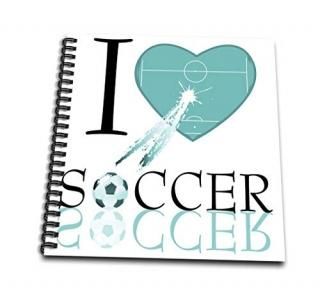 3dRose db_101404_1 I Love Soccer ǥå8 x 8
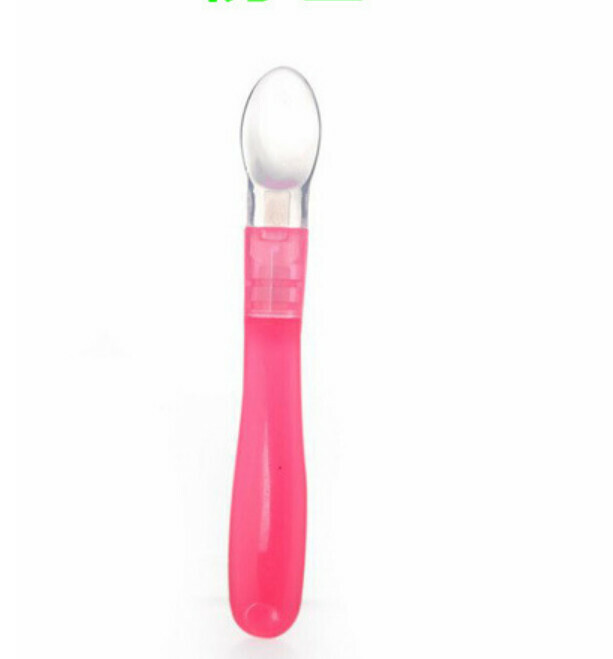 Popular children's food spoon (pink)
+ + + +
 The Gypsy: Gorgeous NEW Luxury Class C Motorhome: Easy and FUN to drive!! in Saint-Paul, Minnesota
+ + + +
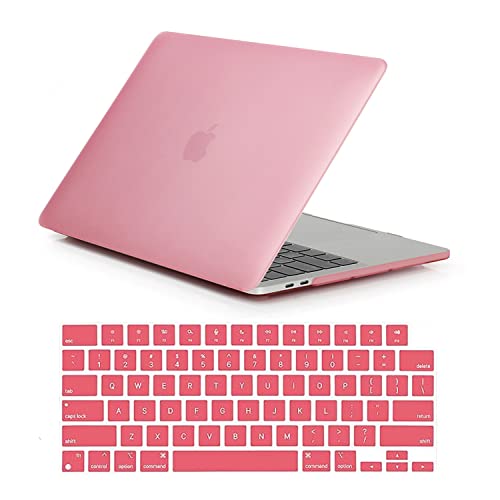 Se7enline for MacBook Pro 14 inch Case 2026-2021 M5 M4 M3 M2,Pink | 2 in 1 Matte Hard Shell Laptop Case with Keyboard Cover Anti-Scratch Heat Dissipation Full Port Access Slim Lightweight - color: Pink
+ + + +
WHAT IS REQUIRED – Look above for the line with "3dRose db_101404_1 I Love Soccer ǥå8 x 8"; quote it and every line after it, stopping after the line with "Popular children's food spoon (pink)", exactly, with nothing added and without pictures.

ANSWER TO THIS PROBLEM –
 3dRose db_101404_1 I Love Soccer ǥå8 x 8
 Popular children's food spoon (pink)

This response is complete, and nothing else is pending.